Work item: Could the data below be retyped exactly, without its pictures?

Collected data
---*---

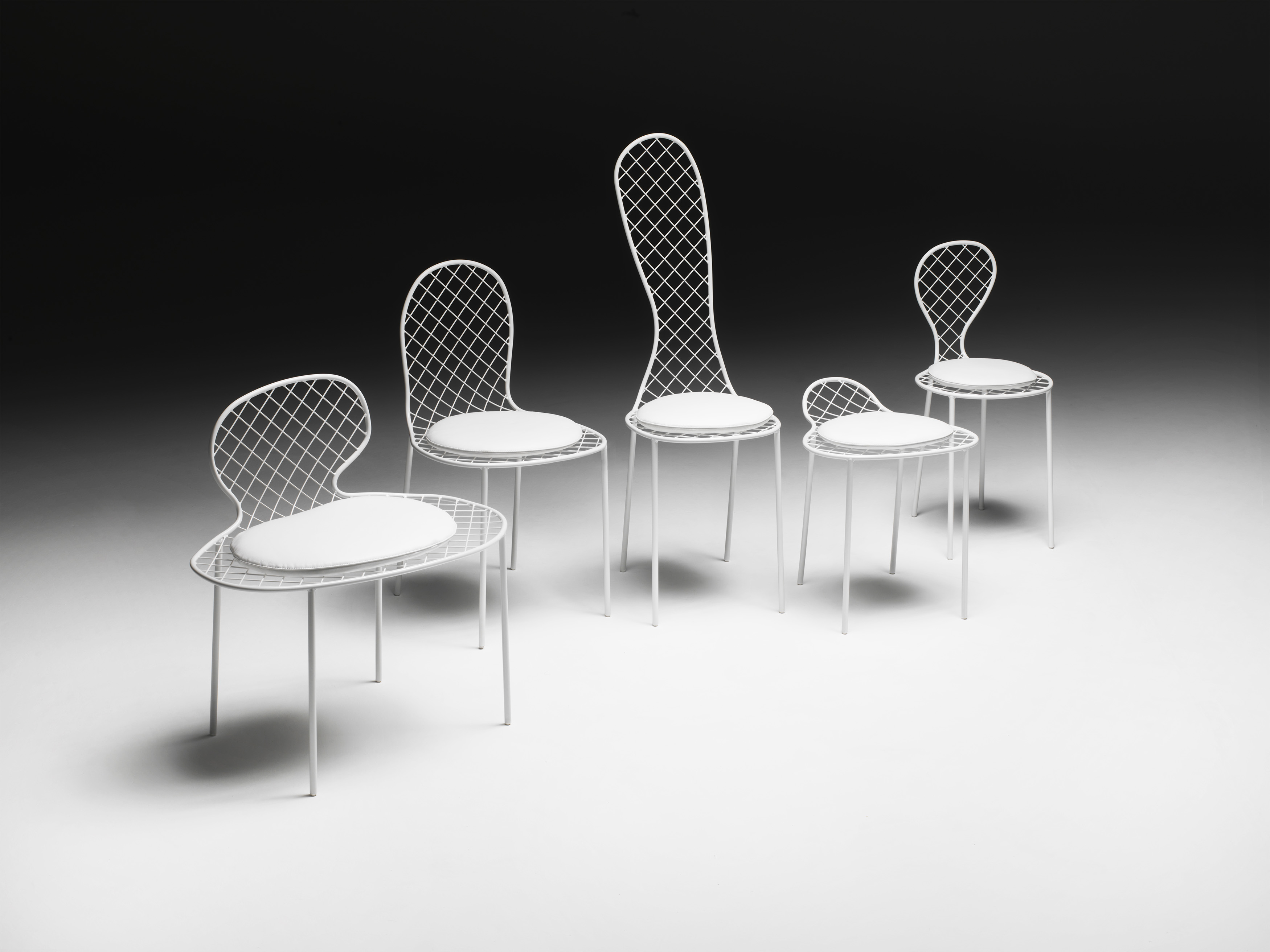 Family Chair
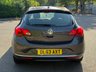 USED 2013 63 VAUXHALL ASTRA 1.4 16v Exclusiv Hatchback 5dr Petrol Manual Euro 5 (100 ps) ULEZ+2FO+FSH+LOW MILES+PETROL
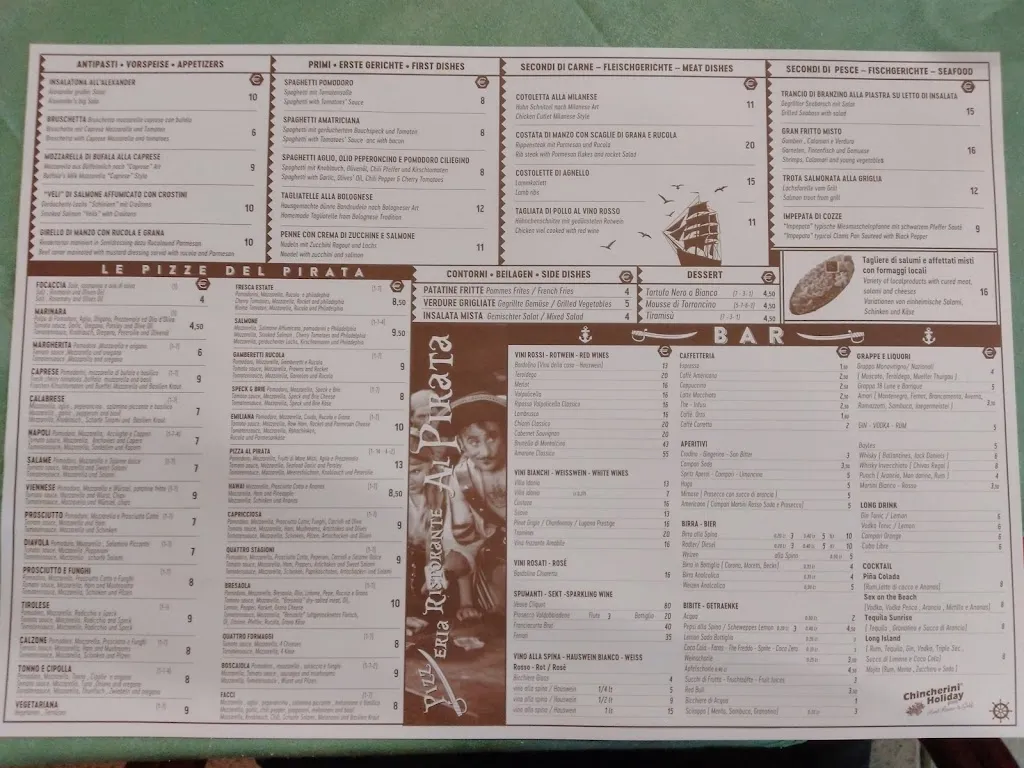 Menu_Al Pirata_Limone sul Garda_image_2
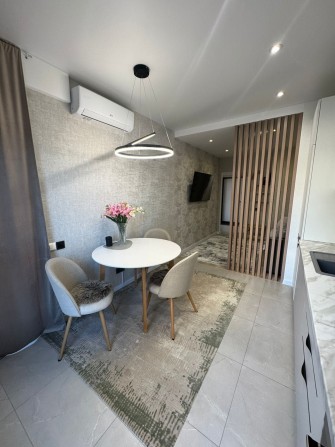 1К 44 кв.м. Глибочицька 13, ЖК "Львівський Квартал" - фото 1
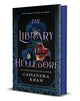 The Library at Hellebore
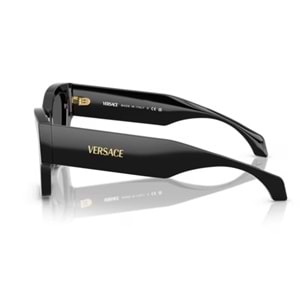 GÜNEŞ GÖZLÜĞÜ VERSACE Versace 0VE4492U GB1/87 53-18 140 G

---*---

Solution for this problem:
 Family Chair
 USED 2013 63 VAUXHALL ASTRA 1.4 16v Exclusiv Hatchback 5dr Petrol Manual Euro 5 (100 ps) ULEZ+2FO+FSH+LOW MILES+PETROL
 Menu_Al Pirata_Limone sul Garda_image_2
 1К 44 кв.м. Глибочицька 13, ЖК "Львівський Квартал" - фото 1
 The Library at Hellebore
 GÜNEŞ GÖZLÜĞÜ VERSACE Versace 0VE4492U GB1/87 53-18 140 G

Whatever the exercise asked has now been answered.